The model obtains the following scores on the following evaluation datasets
Default test set
WER: 3.55%
Sentence accuracy: 92.96%
digit errors: 0.40%
other errors: 6.63%
Hard test set
WER: 7.80%
Sentence accuracy: 83.83%
digit errors: 3.41%
other errors: 12.76%
Note that reference files were taken from the test part of Google TN Dataset, which is not considered 100% correct because of its synthetic nature. So these scores are not particularly indicative of the quality of final inverse text normalization, but they are a useful proxy.
How to Use this Model
The model is available for use in the NeMo toolkit [1], and can be used as a pre-trained checkpoint for inference.

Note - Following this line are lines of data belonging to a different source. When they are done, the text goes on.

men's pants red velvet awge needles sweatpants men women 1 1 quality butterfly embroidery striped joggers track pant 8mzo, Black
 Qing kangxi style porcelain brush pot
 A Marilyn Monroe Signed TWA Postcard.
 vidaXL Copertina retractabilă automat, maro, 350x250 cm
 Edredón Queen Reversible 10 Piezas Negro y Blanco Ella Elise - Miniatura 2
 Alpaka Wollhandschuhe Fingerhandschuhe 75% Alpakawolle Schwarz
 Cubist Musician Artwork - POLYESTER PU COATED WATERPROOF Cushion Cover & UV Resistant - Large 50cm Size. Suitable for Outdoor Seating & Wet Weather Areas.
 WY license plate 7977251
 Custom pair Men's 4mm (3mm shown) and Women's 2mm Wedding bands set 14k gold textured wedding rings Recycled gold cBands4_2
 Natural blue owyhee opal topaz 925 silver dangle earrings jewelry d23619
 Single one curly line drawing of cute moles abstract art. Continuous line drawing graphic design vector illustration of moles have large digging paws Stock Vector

Automatically load the model from NGC
import nemo.collections.nlp as nemo_nlp
nlp_model = nemo_nlp.models.ThutmoseTaggerModel.from_pretrained(model_name="itn_ru_thutmose_bert")
Running inference with this model
Example of inference and evaluation is provided in this [script] (https://github.com/NVIDIA/NeMo/blob/main/examples/nlp/text_normalization_as_tagging/run_infer.sh)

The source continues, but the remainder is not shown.